Work instruction |
Every entry below should be printed exactly, without its images.

Data shown |
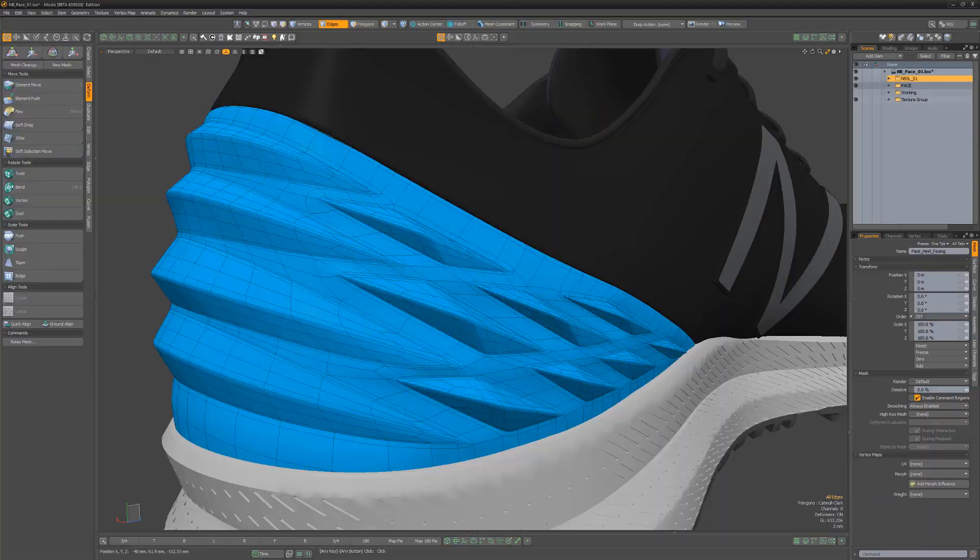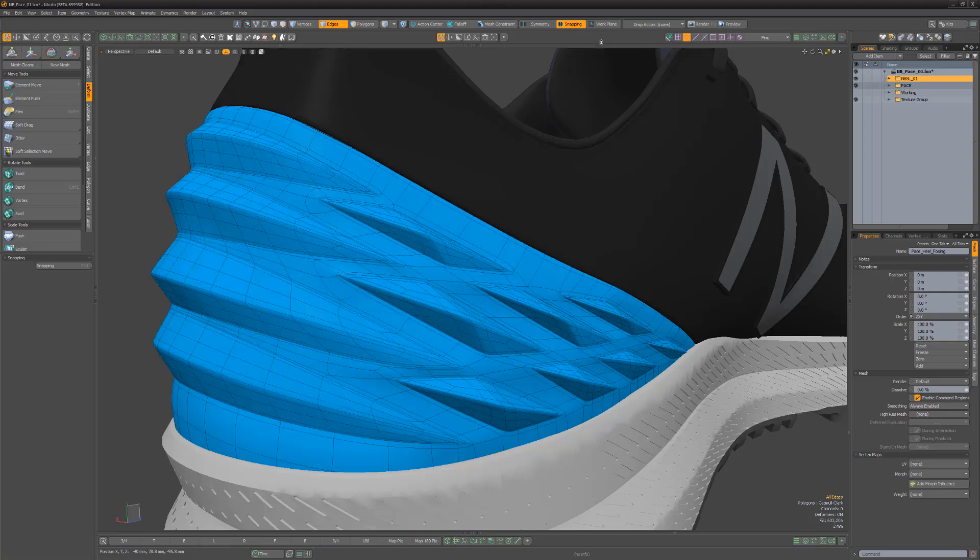When editing meshes, snapping can provide a great deal of precision. Modo's snapping options enable you to snap to a variety of elements, such as verts, edges, polygons, pivots, and more.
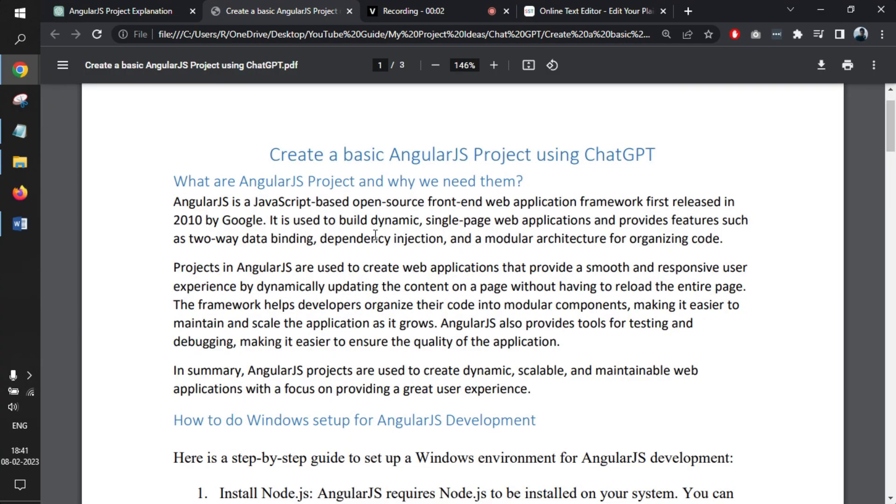Welcome to my project ideas. This is an ongoing series on ChatGPT. In this video, we'll learn how to create a basic AngularJS project using ChatGPT.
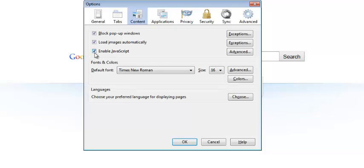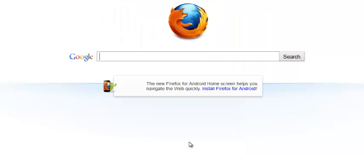You can uncheck that and then click OK to save it. And now JavaScript has been disabled in your Firefox browser. It's as simple as that.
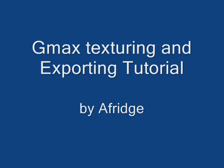Hi, this is the GMAX texturing and exporting tutorial by me, Afridge. This is part two. Part one was basically modeling GMAX. Watch the whole thing, then go back to the start and do it bit by bit.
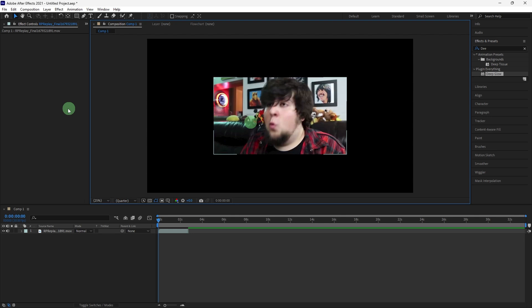Welcome back to another quick guide. Today I'll teach you how to zoom into an object in After Effects.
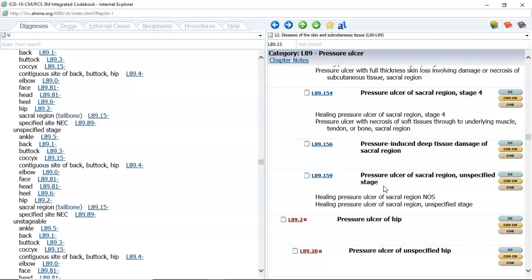For question number one, there are two codes — this is an abscess of the right leg with cellulitis. Number three is one code. Number five is one code. Number seven is three codes: this is a diabetic patient who has peripheral vascular disease and has a left foot ulcer with fat layer exposed. You need to determine the appropriate codes. This patient has a foot ulcer — this is not a pressure ulcer, so it is a non-pressure ulcer.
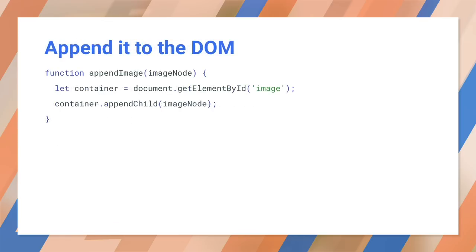Now we have a node, but it's not yet visible. We'll find a placeholder span and append the image inside it.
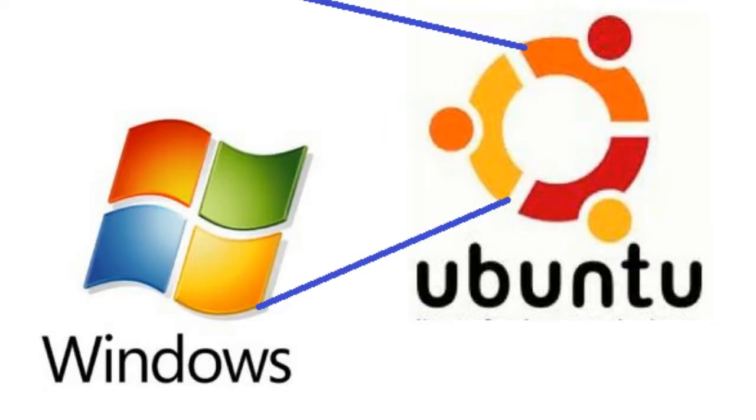Here we have only installed Windows 7 in our system. Now we are going to dual boot Ubuntu with Windows 7. Let's do that.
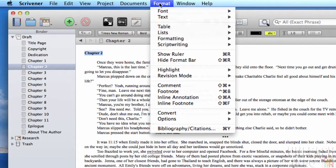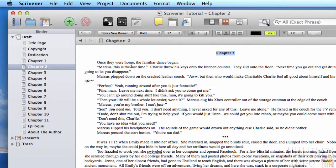Another way to format text is to go up into your format menu here, go to format text, and then you can make some changes using this menu here.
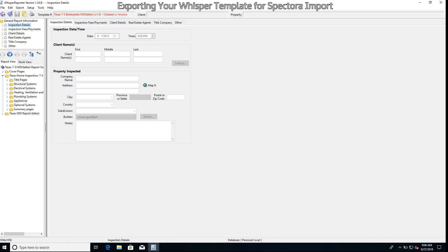Hello there folks, this is Tyler Lesman, core developer with Spectora, here to show you how to export your Whisper template for import into Spectora.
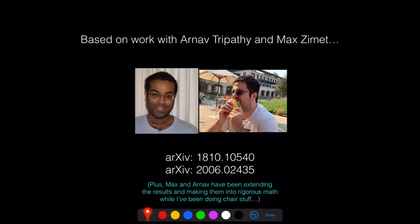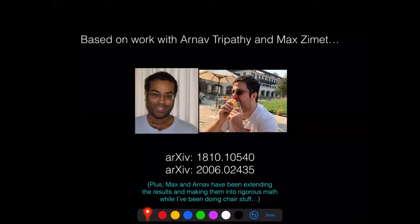I'll say a lot of things that are review or general knowledge, just because different people from different eras know different things. But to the extent I say anything new, it's based on work appearing in two papers jointly authored with Arnav Tripathi and Max Zemit. Arnav is currently an assistant professor at Harvard, Max is a postdoc there — they were both here as students a few years ago. Our second paper appeared in June of last year, and since then Max and Arnav have undertaken a program to turn this into rigorous mathematics and extend it. I instead did my duties as department chair during COVID, so I'll end you off in June of 2020.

Answer for the task |
When editing meshes, snapping can provide a great deal of precision. Modo's snapping options enable you to snap to a variety of elements, such as verts, edges, polygons, pivots, and more.
Welcome to my project ideas. This is an ongoing series on ChatGPT. In this video, we'll learn how to create a basic AngularJS project using ChatGPT.
You can uncheck that and then click OK to save it. And now JavaScript has been disabled in your Firefox browser. It's as simple as that.
Hi, this is the GMAX texturing and exporting tutorial by me, Afridge. This is part two. Part one was basically modeling GMAX. Watch the whole thing, then go back to the start and do it bit by bit.
Welcome back to another quick guide. Today I'll teach you how to zoom into an object in After Effects.
For question number one, there are two codes — this is an abscess of the right leg with cellulitis. Number three is one code. Number five is one code. Number seven is three codes: this is a diabetic patient who has peripheral vascular disease and has a left foot ulcer with fat layer exposed. You need to determine the appropriate codes. This patient has a foot ulcer — this is not a pressure ulcer, so it is a non-pressure ulcer.
Now we have a node, but it's not yet visible. We'll find a placeholder span and append the image inside it.
Here we have only installed Windows 7 in our system. Now we are going to dual boot Ubuntu with Windows 7. Let's do that.
Another way to format text is to go up into your format menu here, go to format text, and then you can make some changes using this menu here.
Hello there folks, this is Tyler Lesman, core developer with Spectora, here to show you how to export your Whisper template for import into Spectora.
I'll say a lot of things that are review or general knowledge, just because different people from different eras know different things. But to the extent I say anything new, it's based on work appearing in two papers jointly authored with Arnav Tripathi and Max Zemit. Arnav is currently an assistant professor at Harvard, Max is a postdoc there — they were both here as students a few years ago. Our second paper appeared in June of last year, and since then Max and Arnav have undertaken a program to turn this into rigorous mathematics and extend it. I instead did my duties as department chair during COVID, so I'll end you off in June of 2020.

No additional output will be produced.